To ascertain the applicability and verify the accuracy of the method, three samples were analyzed as described above. The samples were provided by the Istituto Superiore di Sanità (I.S.S.) and are part of a set of samples used in a national interlaboratory test (the Italian Valutazione Esterna di Qualità—V.E.Q.).

4. Conclusions

Since fentanyl and its analogues are increasingly used as drugs of abuse worldwide, it is crucial to provide fast and effective analytical methods to detect and quantify those compounds and their metabolites in biological matrices. OF is a useful matrix to asses psychoactive substances’ recent consumption, and is particularly useful for DUID cases. The presented method provides an easy sample preparation and good sensitivity. Sample pretreatment using MEPS offers numerous benefits, including the small amount of sample and solvent required, and a lower cost than conventional SPE. Furthermore, the method is also quite rapid since, from sample collection to data analysis, only 20 min per sample are required. The procedure can be easily applied in toxicology laboratories since processing several samples with this technique is quite simple, and, on the other hand, it is not essential to analyze the samples on the same day they are delivered to the laboratory, as demonstrated in the stability study.

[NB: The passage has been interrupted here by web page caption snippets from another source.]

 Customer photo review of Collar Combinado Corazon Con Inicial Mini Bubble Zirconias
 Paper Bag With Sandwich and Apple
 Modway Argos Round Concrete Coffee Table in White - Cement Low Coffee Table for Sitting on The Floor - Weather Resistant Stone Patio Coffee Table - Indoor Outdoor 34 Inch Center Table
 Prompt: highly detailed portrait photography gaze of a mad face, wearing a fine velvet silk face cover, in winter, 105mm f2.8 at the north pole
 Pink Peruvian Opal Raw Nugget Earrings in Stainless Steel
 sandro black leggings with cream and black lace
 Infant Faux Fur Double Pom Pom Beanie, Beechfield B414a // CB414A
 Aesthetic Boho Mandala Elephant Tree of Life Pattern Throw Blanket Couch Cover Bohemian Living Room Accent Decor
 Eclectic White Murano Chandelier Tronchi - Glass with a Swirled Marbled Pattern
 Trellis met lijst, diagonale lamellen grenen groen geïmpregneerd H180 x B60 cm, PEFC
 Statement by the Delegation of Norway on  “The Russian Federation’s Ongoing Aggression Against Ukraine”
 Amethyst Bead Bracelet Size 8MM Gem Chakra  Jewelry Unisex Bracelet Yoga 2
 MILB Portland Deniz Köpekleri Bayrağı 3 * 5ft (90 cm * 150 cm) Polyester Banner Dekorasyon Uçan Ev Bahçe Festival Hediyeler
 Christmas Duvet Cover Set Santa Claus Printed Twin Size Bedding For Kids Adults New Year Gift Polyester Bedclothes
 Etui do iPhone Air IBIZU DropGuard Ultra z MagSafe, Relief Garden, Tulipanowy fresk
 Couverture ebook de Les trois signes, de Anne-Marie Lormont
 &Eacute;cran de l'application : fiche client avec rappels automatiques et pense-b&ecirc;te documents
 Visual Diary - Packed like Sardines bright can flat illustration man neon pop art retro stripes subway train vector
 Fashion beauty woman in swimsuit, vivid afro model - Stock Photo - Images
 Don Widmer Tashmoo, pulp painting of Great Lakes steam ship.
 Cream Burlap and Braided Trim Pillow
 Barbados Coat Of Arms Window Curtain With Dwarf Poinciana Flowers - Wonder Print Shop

The method was validated according to international guidelines with good results in terms of sensitivity, accuracy and precision, and allowed good recoveries for all the analyzed analytes to be obtained. In our opinion this method could represent a useful tool in forensic toxicology. Its applicability was demonstrated since it was successfully applied to the analysis of some samples provided from a proficiency test.